Thursday briefing: MPs warn of climate change's heatwave death toll

The Environmental Audit Committee says the UK's infrastructure isn't equipped for a future of regular heatwaves, evidence of liquid water has been discovered on Mars, Facebook's share price has plummeted as user growth begins to stall

All products featured on WIRED are independently selected by our editors. However, we may receive compensation from retailers and/or from purchases of products through these links.

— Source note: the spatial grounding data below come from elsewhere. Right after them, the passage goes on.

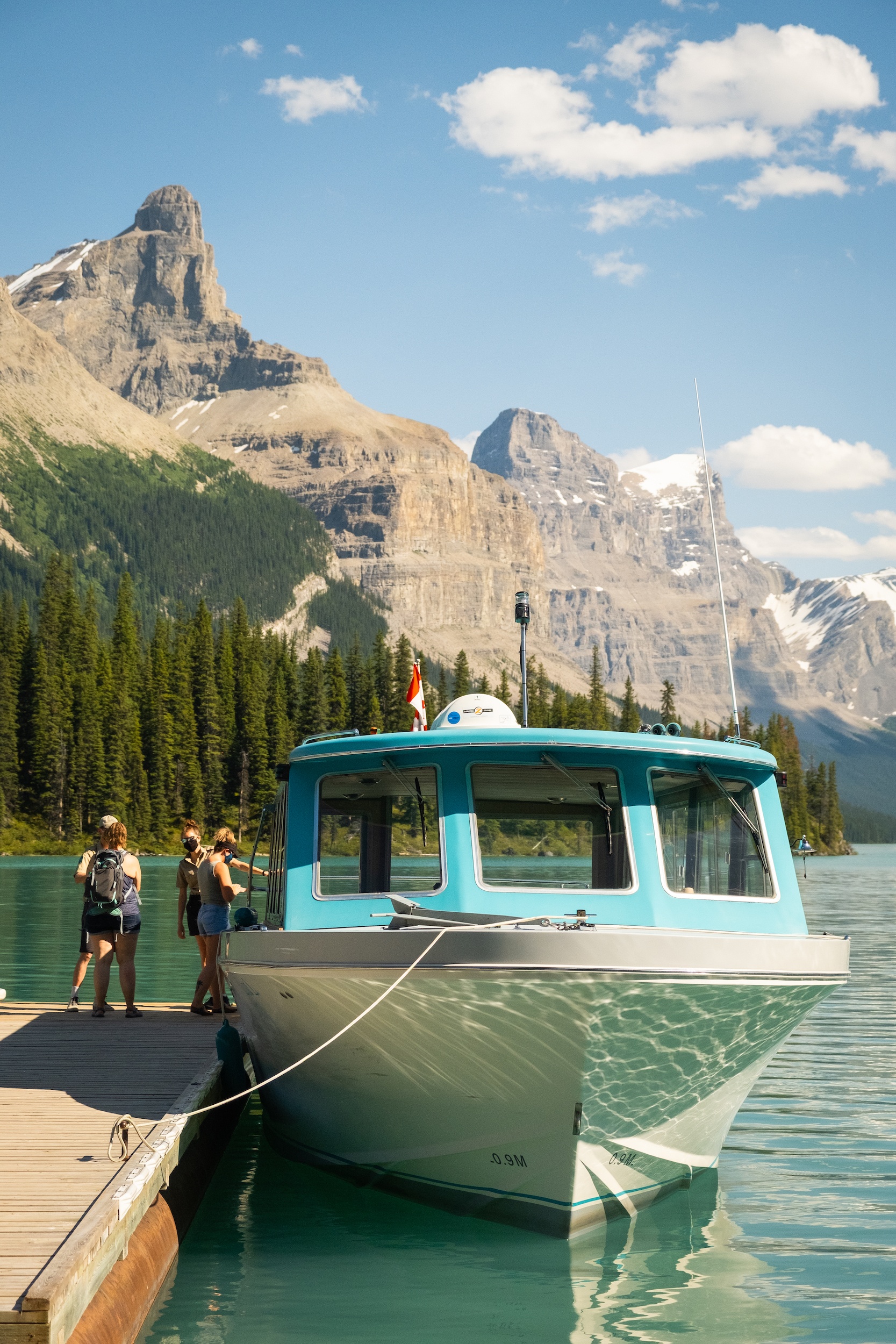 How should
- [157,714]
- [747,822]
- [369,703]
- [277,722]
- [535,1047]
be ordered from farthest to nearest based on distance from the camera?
1. [369,703]
2. [277,722]
3. [157,714]
4. [747,822]
5. [535,1047]

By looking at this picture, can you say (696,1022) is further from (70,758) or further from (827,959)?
(70,758)

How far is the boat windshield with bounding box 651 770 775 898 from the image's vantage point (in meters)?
10.5

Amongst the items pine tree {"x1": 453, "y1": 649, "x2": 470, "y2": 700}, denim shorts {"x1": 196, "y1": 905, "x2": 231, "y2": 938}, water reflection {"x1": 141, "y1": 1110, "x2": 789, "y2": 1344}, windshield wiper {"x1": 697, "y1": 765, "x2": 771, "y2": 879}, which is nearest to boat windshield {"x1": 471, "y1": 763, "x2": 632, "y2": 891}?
windshield wiper {"x1": 697, "y1": 765, "x2": 771, "y2": 879}

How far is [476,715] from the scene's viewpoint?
1103 cm

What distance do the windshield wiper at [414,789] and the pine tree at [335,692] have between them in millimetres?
114932

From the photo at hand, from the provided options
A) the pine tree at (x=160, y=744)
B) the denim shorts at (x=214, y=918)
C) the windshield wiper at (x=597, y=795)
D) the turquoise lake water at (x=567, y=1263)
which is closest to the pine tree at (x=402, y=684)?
the pine tree at (x=160, y=744)

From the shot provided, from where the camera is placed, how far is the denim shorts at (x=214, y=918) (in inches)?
625

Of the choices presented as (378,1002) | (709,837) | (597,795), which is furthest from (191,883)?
(709,837)

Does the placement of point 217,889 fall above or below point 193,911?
above

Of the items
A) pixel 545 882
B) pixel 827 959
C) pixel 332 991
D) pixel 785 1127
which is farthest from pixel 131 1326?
pixel 785 1127

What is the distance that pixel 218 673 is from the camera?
125500mm

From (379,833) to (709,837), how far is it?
2745 millimetres

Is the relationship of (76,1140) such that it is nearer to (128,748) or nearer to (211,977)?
(211,977)

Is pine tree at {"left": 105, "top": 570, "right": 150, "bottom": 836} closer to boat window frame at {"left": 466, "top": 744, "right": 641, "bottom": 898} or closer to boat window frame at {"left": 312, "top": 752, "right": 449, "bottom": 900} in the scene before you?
boat window frame at {"left": 312, "top": 752, "right": 449, "bottom": 900} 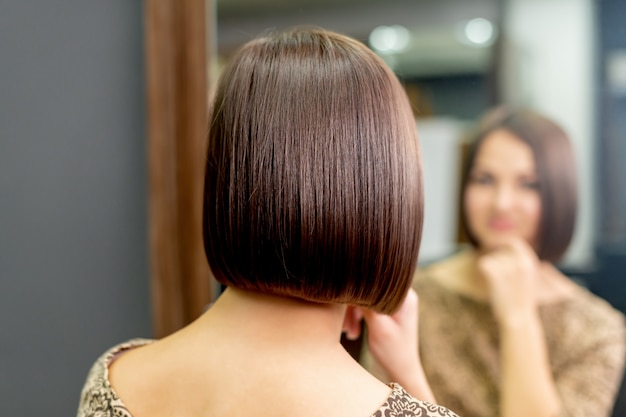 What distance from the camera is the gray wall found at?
4.33 ft

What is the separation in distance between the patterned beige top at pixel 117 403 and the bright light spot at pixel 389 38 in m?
0.52

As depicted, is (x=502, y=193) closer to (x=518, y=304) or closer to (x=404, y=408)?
(x=518, y=304)

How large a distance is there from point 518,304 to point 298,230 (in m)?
0.43

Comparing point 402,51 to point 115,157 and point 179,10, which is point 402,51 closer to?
point 179,10

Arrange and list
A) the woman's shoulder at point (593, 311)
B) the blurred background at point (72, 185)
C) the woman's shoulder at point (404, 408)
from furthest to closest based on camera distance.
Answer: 1. the blurred background at point (72, 185)
2. the woman's shoulder at point (593, 311)
3. the woman's shoulder at point (404, 408)

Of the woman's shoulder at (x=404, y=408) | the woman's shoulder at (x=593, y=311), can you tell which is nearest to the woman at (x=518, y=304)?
the woman's shoulder at (x=593, y=311)

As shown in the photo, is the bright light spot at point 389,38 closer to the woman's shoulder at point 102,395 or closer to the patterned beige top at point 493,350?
the patterned beige top at point 493,350

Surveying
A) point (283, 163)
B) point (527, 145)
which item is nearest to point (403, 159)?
point (283, 163)

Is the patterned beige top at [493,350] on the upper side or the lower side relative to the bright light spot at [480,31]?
lower

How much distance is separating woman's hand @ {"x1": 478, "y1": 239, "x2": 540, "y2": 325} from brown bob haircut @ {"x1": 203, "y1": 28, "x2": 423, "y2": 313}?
0.30 metres

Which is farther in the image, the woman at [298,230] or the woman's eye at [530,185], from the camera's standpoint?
the woman's eye at [530,185]

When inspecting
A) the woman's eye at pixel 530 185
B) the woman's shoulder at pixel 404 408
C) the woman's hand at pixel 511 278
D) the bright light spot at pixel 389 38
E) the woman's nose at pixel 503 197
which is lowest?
the woman's shoulder at pixel 404 408

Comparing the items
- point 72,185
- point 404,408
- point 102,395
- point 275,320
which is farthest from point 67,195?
point 404,408

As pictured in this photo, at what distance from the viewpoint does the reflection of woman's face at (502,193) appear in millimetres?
942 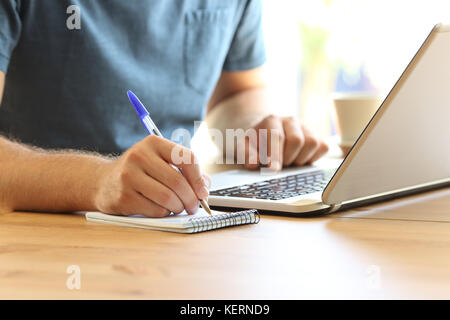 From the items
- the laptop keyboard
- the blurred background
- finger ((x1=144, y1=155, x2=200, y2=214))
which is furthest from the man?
the blurred background

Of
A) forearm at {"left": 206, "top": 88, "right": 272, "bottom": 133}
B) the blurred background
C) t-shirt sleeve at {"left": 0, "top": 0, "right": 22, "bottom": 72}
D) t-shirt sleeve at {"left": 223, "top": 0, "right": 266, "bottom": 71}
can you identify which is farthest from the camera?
the blurred background

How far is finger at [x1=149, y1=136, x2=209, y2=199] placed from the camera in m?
0.79

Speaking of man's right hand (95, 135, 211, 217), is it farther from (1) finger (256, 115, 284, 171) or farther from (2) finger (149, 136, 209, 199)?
(1) finger (256, 115, 284, 171)

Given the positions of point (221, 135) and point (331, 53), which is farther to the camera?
point (331, 53)

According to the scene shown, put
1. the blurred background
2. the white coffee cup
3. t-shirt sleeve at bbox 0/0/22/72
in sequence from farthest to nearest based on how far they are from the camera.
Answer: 1. the blurred background
2. the white coffee cup
3. t-shirt sleeve at bbox 0/0/22/72

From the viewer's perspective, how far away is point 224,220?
2.56 feet

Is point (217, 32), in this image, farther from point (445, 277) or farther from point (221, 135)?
point (445, 277)

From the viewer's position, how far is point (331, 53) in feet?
11.6

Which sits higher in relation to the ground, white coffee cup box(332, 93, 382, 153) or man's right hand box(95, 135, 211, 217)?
white coffee cup box(332, 93, 382, 153)

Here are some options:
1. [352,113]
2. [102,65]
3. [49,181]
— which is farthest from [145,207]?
[352,113]

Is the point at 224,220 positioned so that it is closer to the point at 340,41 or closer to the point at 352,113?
the point at 352,113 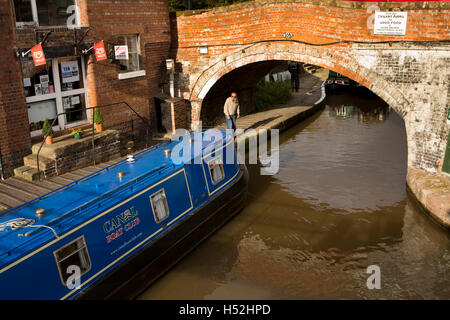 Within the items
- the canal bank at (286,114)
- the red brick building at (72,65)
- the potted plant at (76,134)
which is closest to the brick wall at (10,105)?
the red brick building at (72,65)

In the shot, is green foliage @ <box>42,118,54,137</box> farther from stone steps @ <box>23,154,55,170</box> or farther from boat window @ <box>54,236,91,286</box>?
boat window @ <box>54,236,91,286</box>

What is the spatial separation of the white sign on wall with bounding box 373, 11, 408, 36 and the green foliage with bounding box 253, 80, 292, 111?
25.7 feet

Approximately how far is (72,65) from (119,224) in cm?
604

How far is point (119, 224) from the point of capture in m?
6.10

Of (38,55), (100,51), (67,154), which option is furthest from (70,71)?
(67,154)

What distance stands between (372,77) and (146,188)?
20.5 feet

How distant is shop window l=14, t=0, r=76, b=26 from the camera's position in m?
9.27

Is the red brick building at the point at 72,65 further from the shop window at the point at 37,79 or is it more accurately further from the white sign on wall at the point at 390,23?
the white sign on wall at the point at 390,23

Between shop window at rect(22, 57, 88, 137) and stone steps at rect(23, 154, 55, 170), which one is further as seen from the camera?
shop window at rect(22, 57, 88, 137)

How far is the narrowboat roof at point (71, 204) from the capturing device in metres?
5.06

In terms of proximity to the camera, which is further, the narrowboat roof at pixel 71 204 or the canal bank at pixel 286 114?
the canal bank at pixel 286 114

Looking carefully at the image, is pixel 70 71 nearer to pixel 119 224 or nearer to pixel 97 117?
pixel 97 117

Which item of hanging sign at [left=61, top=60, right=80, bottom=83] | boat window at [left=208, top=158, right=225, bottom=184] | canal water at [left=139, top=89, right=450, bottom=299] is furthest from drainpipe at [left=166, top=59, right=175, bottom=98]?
boat window at [left=208, top=158, right=225, bottom=184]

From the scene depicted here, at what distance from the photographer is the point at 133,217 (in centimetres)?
634
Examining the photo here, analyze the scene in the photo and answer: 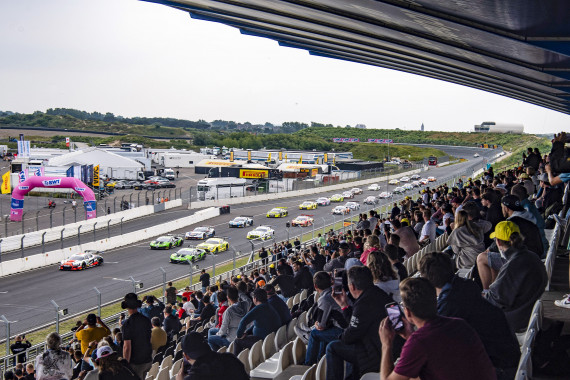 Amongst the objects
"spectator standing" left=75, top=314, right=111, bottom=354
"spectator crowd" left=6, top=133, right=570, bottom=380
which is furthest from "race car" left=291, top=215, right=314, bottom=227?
"spectator standing" left=75, top=314, right=111, bottom=354

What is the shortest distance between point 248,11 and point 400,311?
1261 centimetres

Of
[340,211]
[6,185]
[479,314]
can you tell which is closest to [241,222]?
[340,211]

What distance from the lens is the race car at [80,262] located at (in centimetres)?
3247

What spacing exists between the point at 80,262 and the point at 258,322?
26956mm

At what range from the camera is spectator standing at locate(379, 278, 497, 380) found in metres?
3.40

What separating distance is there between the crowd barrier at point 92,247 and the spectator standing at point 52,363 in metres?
26.3

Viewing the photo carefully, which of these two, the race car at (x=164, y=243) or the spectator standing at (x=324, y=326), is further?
the race car at (x=164, y=243)

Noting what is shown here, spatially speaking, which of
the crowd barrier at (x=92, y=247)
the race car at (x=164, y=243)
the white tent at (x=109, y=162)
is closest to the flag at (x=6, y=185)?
the white tent at (x=109, y=162)

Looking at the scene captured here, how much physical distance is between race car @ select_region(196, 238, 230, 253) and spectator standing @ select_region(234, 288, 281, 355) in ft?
95.3

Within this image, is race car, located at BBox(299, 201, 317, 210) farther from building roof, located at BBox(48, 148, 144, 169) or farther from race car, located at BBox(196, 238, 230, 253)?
building roof, located at BBox(48, 148, 144, 169)

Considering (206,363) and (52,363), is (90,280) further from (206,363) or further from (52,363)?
(206,363)

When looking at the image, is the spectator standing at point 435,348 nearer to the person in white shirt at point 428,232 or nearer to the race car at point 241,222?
the person in white shirt at point 428,232

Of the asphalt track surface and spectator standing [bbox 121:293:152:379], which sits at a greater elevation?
spectator standing [bbox 121:293:152:379]

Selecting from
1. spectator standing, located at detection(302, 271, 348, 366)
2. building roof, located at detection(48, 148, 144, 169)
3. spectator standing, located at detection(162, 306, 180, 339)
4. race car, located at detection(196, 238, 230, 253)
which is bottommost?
race car, located at detection(196, 238, 230, 253)
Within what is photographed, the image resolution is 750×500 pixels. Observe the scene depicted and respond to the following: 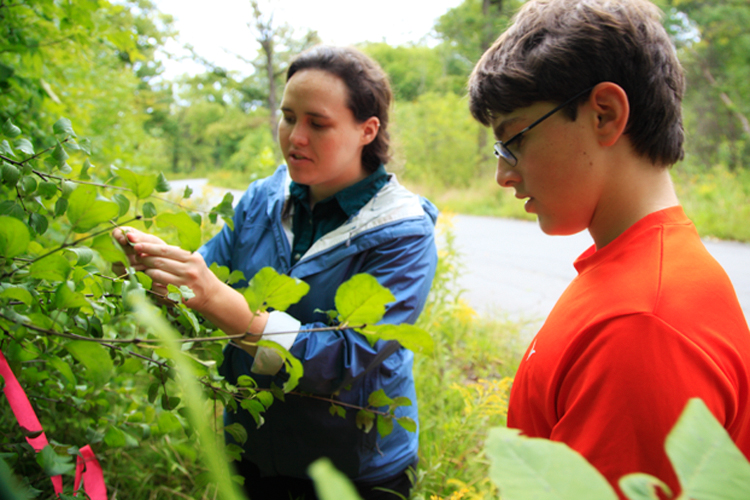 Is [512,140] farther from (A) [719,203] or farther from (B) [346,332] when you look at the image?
(A) [719,203]

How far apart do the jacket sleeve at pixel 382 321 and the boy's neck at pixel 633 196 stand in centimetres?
62

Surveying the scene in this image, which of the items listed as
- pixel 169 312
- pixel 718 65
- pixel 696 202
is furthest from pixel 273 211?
pixel 718 65

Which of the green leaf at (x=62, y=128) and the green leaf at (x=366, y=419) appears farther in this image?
the green leaf at (x=366, y=419)

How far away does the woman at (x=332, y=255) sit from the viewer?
55.2 inches

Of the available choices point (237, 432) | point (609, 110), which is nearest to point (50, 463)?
point (237, 432)

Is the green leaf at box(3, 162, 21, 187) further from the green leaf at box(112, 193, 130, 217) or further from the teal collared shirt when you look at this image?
the teal collared shirt

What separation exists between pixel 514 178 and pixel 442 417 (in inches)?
68.3

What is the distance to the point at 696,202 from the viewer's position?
811 centimetres

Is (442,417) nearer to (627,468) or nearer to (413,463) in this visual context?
(413,463)

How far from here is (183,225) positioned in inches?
24.9

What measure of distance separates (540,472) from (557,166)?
0.77 metres

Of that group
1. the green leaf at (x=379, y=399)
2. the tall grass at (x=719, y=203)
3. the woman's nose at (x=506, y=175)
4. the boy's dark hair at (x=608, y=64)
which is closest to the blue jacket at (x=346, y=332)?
the green leaf at (x=379, y=399)

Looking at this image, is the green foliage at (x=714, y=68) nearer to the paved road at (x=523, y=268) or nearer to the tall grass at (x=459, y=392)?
the paved road at (x=523, y=268)

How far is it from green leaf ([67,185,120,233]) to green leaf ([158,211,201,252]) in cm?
12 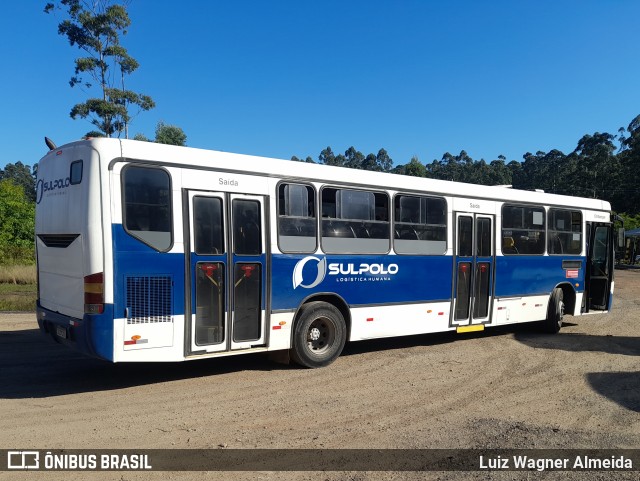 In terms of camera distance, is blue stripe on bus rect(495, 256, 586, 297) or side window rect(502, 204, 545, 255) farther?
side window rect(502, 204, 545, 255)

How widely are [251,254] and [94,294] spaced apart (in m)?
2.21

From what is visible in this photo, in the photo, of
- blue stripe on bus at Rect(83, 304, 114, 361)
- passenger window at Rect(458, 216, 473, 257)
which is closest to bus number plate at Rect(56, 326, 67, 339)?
blue stripe on bus at Rect(83, 304, 114, 361)

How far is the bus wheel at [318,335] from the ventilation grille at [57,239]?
3.45 metres

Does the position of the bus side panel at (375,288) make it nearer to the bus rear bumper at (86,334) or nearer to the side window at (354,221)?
the side window at (354,221)

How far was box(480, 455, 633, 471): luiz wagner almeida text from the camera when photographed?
4.64m

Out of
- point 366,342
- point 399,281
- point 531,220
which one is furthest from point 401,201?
point 531,220

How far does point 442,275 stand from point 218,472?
6.45m

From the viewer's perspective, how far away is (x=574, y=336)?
11.7m

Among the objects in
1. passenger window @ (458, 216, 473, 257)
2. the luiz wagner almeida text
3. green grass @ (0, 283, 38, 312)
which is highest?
passenger window @ (458, 216, 473, 257)

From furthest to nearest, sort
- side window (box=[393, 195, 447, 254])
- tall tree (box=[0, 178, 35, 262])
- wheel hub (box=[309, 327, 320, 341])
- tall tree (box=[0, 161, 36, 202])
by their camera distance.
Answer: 1. tall tree (box=[0, 161, 36, 202])
2. tall tree (box=[0, 178, 35, 262])
3. side window (box=[393, 195, 447, 254])
4. wheel hub (box=[309, 327, 320, 341])

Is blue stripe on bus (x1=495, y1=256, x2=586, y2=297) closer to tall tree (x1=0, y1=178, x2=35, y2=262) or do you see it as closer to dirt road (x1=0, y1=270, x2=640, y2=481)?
dirt road (x1=0, y1=270, x2=640, y2=481)

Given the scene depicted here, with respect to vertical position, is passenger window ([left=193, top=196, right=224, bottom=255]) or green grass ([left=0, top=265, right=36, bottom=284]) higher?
passenger window ([left=193, top=196, right=224, bottom=255])

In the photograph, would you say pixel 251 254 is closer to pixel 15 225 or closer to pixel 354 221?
pixel 354 221

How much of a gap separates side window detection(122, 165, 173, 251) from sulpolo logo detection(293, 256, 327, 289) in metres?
2.07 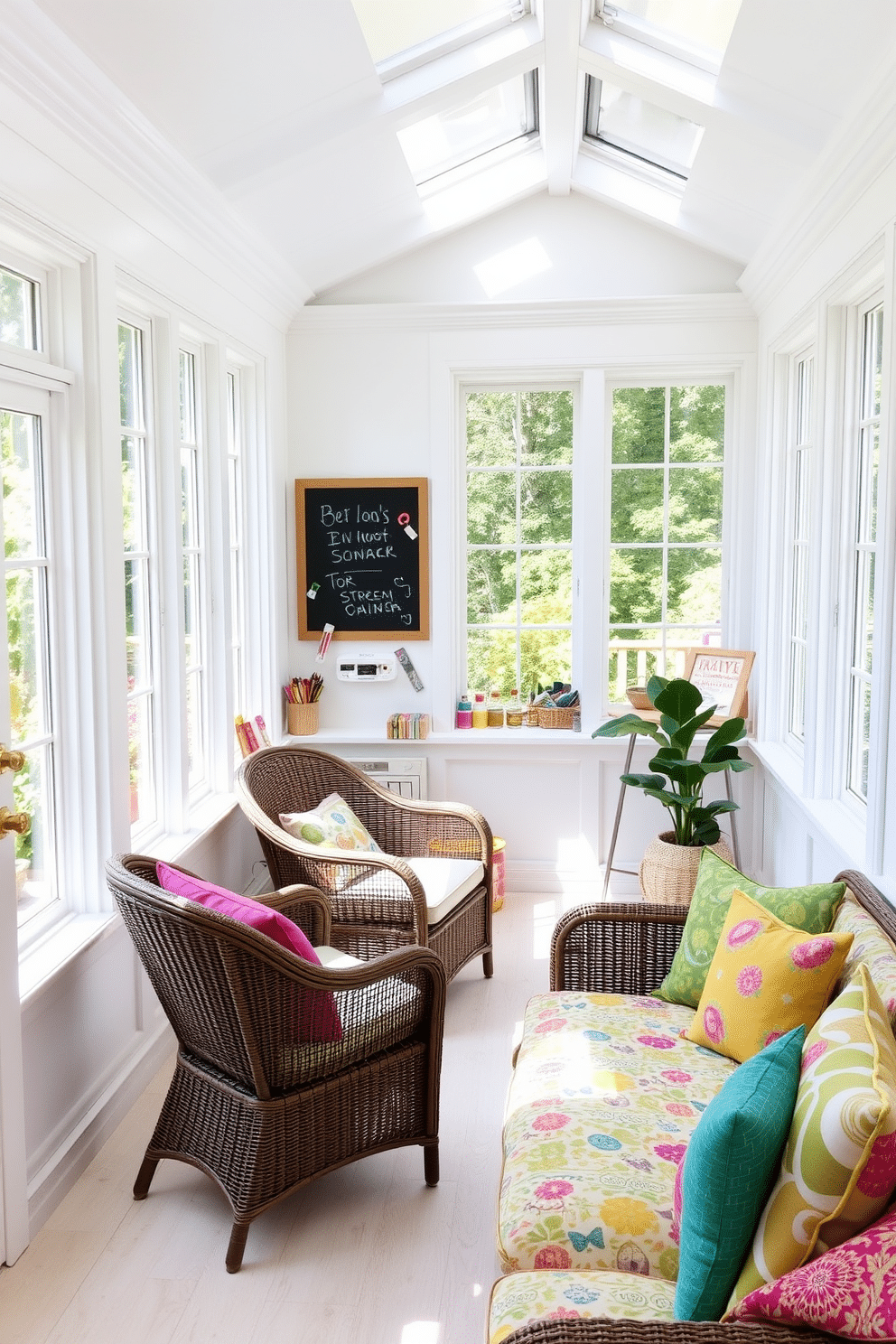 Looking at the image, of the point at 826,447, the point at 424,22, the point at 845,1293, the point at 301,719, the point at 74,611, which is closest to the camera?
the point at 845,1293

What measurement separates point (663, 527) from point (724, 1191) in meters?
3.80

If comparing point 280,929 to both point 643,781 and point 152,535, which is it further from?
point 643,781

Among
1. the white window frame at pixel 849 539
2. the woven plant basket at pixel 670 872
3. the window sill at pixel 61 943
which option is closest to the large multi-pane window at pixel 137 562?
the window sill at pixel 61 943

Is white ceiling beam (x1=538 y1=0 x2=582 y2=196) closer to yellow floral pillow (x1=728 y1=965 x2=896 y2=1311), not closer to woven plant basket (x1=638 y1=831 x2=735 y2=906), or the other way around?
woven plant basket (x1=638 y1=831 x2=735 y2=906)

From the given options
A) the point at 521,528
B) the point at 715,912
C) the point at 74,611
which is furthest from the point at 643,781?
the point at 74,611

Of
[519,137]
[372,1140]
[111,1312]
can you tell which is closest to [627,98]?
[519,137]

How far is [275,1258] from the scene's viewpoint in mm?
2443

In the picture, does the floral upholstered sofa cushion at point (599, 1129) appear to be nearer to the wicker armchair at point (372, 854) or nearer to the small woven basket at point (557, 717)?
the wicker armchair at point (372, 854)

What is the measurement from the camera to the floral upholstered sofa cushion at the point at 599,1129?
1.83 metres

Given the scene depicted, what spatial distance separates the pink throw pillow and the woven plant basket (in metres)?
1.76

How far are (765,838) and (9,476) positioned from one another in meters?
3.30

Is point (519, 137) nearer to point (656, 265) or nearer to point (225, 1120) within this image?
point (656, 265)

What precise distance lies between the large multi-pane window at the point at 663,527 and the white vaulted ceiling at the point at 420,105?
2.32 feet

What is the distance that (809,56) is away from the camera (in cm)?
269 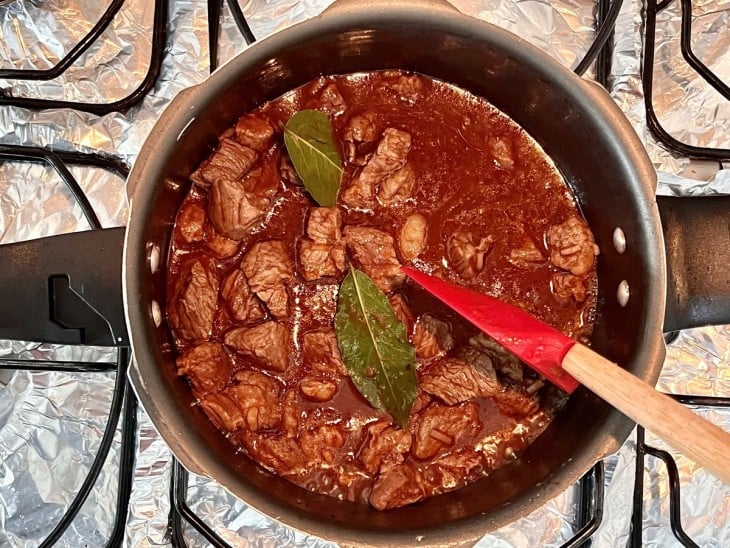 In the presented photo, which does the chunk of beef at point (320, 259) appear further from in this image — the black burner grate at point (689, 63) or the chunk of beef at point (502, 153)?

UK heatwave 2018: the dried-up bed of Bolton's Yarrow reservoirChristopher Furlong/Getty Images

Your WIRED daily briefing. Today, a new Environmental Audit Committee report says the UK's infrastructure and health policies are not equipped for a future of regular heatwaves, evidence of liquid water has been discovered on Mars, Facebook's share price has plummeted as user growth begins to stall and more.

Get WIRED's daily briefing in your inbox. Sign up here

1. MPs warn of climate change's heatwave death toll

The new Heatwaves: adapting to climate change report from the Environmental Audit Committee warns that heat-related deaths in the UK will treble by 2050 unless the government develops a cohesive strategy to tackle the effects of climate change in the UK (BBC News). Committee chair Mary Creagh MP said that "heatwaves cause premature deaths from cardiac, kidney and respiratory disease. There will be 7,000 heat-related deaths every year in the UK by 2050 if the Government does not take action." Met Office data indicates that summer temperatures could regularly hit 38.5 degrees Celsius by the 2040s and the committee highlights the unsuitability of many UK homes, schools and office buildings for high temperatures.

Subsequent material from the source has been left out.